§ WORK INSTRUCTIONS:
Would you transcribe exactly the lines from the one containing "Historically, across all" to the last line of the data below, both ends included, but none of the pictures?

===== INFORMATION SUPPLIED =====

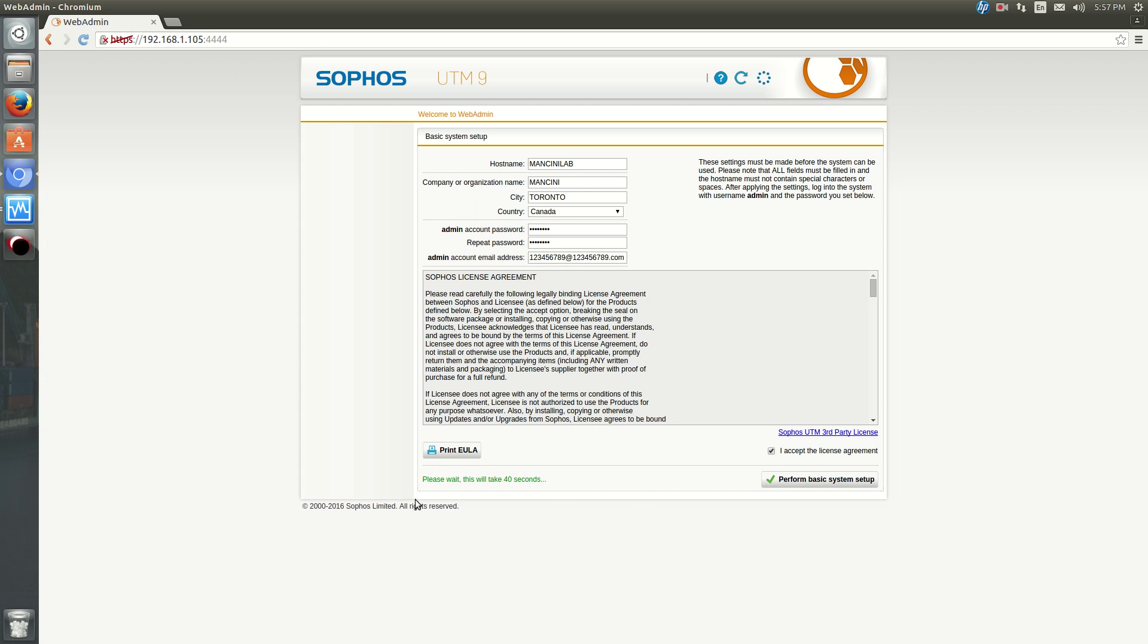And then hit Perform Basic Setup. Okay, now you'll get this Please Wait. It'll take 40 seconds for the basic setup to complete.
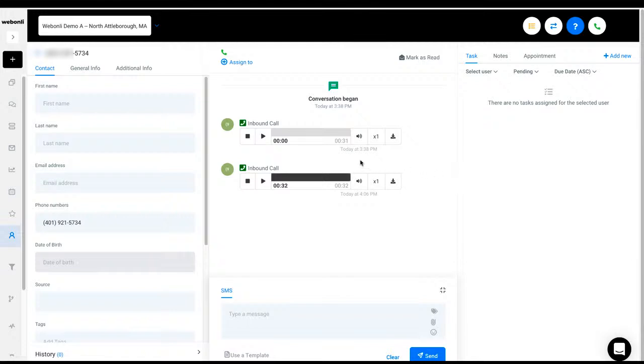And so there you have it. That is how the call tracking can benefit your business.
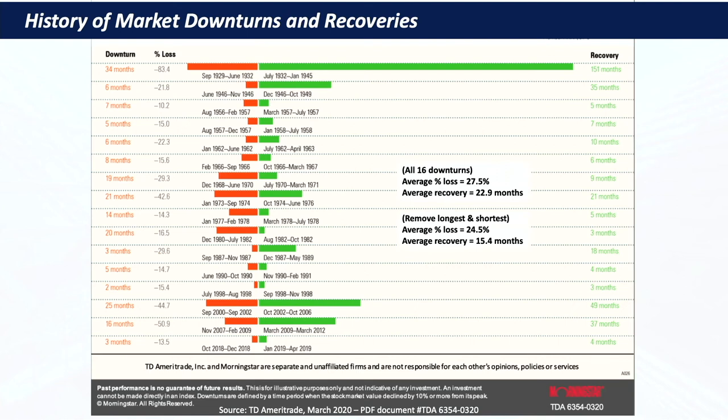Historically, across all 16 downturns shown, the average loss was 27.5% — more than a healthy correction — but the average recovery period is almost 23 months. If you remove the largest and shortest, the average loss drops to 24.5% with a 15-month recovery.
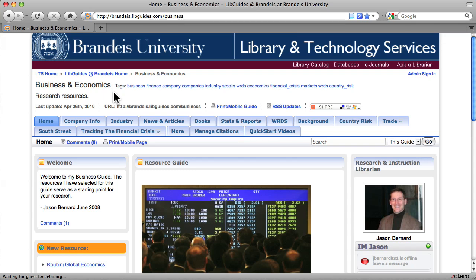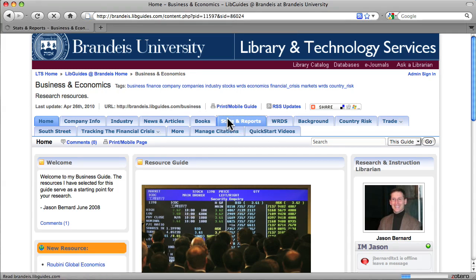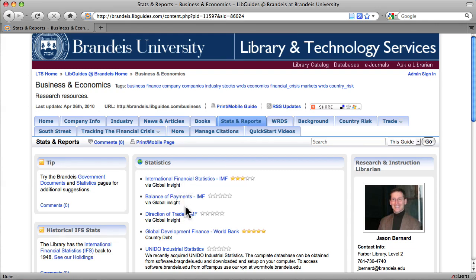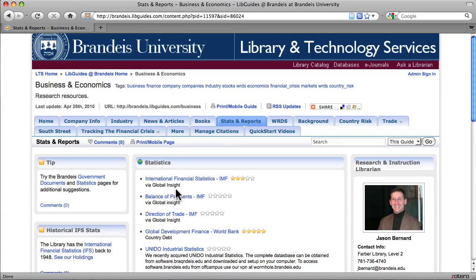In order to access Global Insight, you'll want to go to the Stats tab on the Business Guide. Global Insight contains many sub-databases, including the International Financial Statistics, Balance of Payments, Direction of Trade, and more. All of these resources here will take you to the Global Insight platform.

=====

§ TASK ANSWER:
Historically, across all 16 downturns shown, the average loss was 27.5% — more than a healthy correction — but the average recovery period is almost 23 months. If you remove the largest and shortest, the average loss drops to 24.5% with a 15-month recovery.
In order to access Global Insight, you'll want to go to the Stats tab on the Business Guide. Global Insight contains many sub-databases, including the International Financial Statistics, Balance of Payments, Direction of Trade, and more. All of these resources here will take you to the Global Insight platform.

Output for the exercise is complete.